2024 FSA Podium and Poster Abstracts
P024: PREDICTIVE MODELING OF MASSIVE TRANSFUSION IN LIVER TRANSPLANTATION
Sagar Jolly, MD; Sathish Kottaisamy, MD; Nicolás P Caram, MD; Eslam Fouda, MD; Fouad Souki, MD; Marina Gitman, MD; Ramona Nicolau-Raducu, MD, PhD; University of Miami/Jackson Memorial Hospital
Introduction: Massive transfusion (MT) during liver transplant is an important concern due to its association with increased morbidity, mortality, and healthcare costs. Anticipating the need for MT is critical for effective preoperative preparation and for the efficient use of blood bank resources. Identifying predictors of MT allows blood banks to strategically plan blood supply, improving patient care and reducing wait times. The purpose of our study was to identify risk factors associated with MT during liver transplant surgery and to develop a probability model for MT.
Methods: With institutional board review approval, 532 liver transplant recipients data from 2019 to 2022 was analyzed retrospectively, including 74 (14%) combined liver-kidney transplants. Sequential kidney transplant was done in all combined liver-kidney cases after kidneys were placed on a hypothermic machine perfusion pump. MT was defined as the intraoperative administration of ≥10 packed red blood cells (pRBC) units.

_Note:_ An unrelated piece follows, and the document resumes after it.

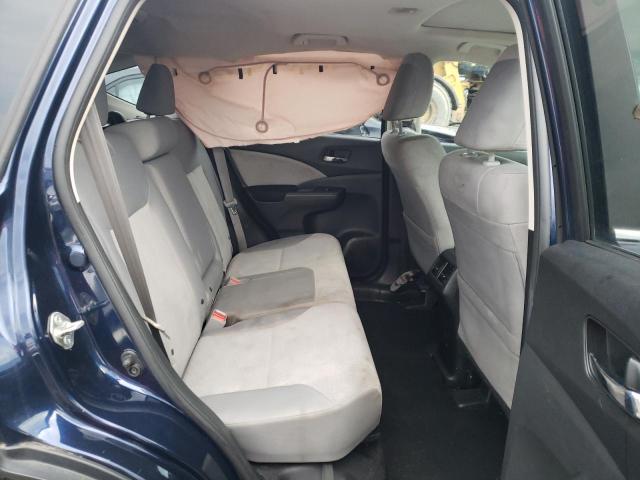 Photo 10 from auction – 2016 HONDA CR-V EX with VIN 2HKRM4H58GH655457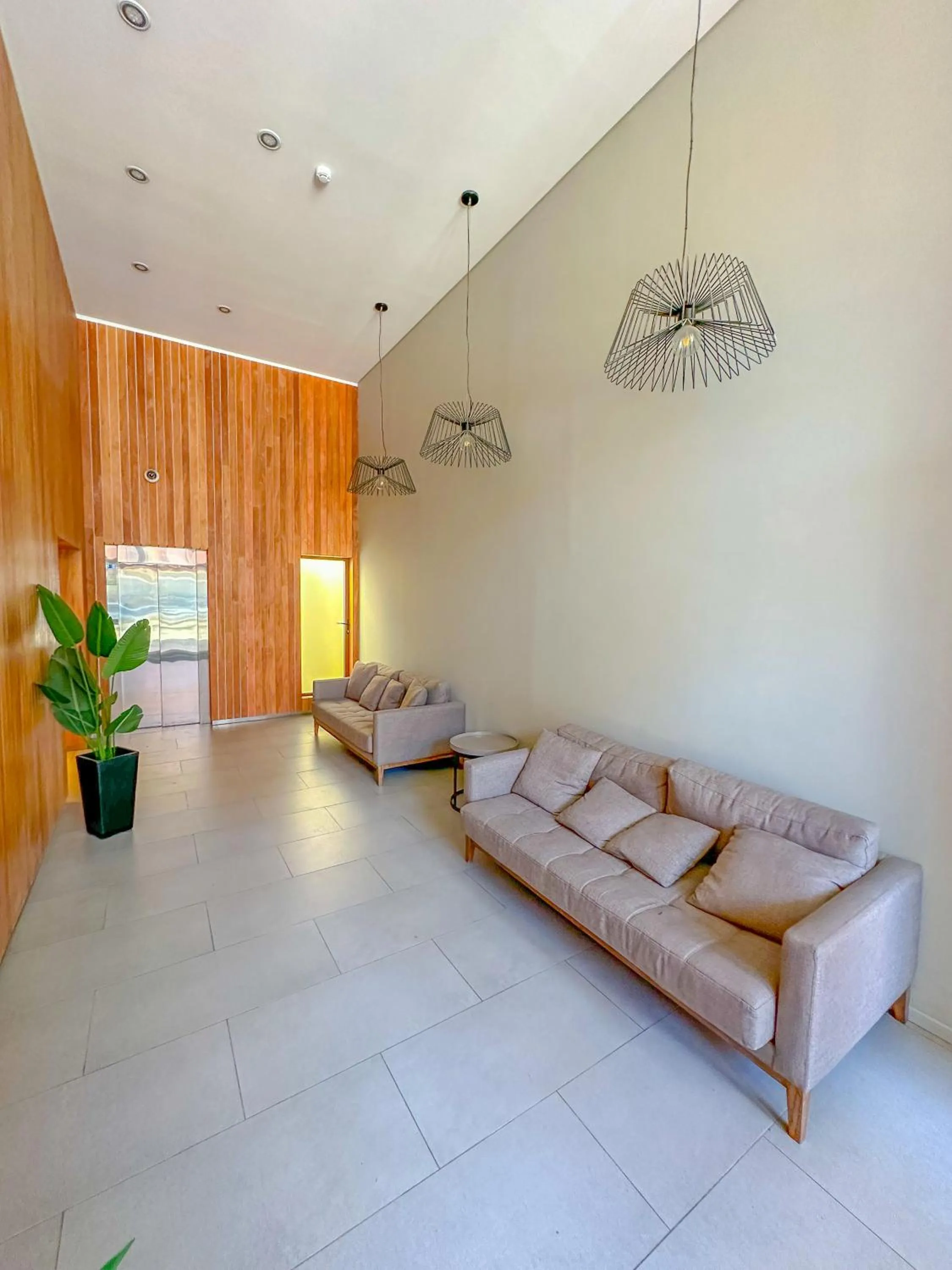 Off site in Pacifico Apartamentos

Results: In our cohort of 532 liver transplant recipients, 38% required massive transfusions, using a median of 17 units (IQR: 12-25), compared to 62% who did not, receiving a median of 5 units (IQR: 3-7). When comparing the 2 groups (≥ 10 vs <10 units pRBC), the following significant pre-transplant variables were identified: type of organ transplanted (liver versus combined liver-kidney), MELD score, portal vein thrombosis, presence of trans jugular intrahepatic portosystemic shunt, presence of ascites, pre-transplant hospitalization, pre-transplant diagnosis of hepatocellular carcinoma, viral hepatitis and alcoholic cirrhosis, baseline hemoglobin and platelets count. After adjusting for confounders, logistic regression identified four pretransplant risk factors associated with MT: combined liver-kidney transplant vs. liver, a higher MELD score, lower baseline platelet count, and lower hemoglobin level (χ2 = 118; P < 0.0001). A C-statistic of 0.76 was calculated for these risk factors. Recursive partitioning identified a MELD score ≥23, hemoglobin <9.7 g/dL, and platelet count <84 x 103/mcL as critical thresholds for increased MT risk. A probability model for MT is presented in Table 1.
Conclusion: Our study is consistent with previous risk factors reported, such as preoperative hemoglobin, platelet count and MELD score. The novelty of our study validates the fact that, for the same risk factors, combined liver-kidney transplant had a higher probability for MT than liver transplant alone (88% vs 61%), even if the kidney transplant followed the next day.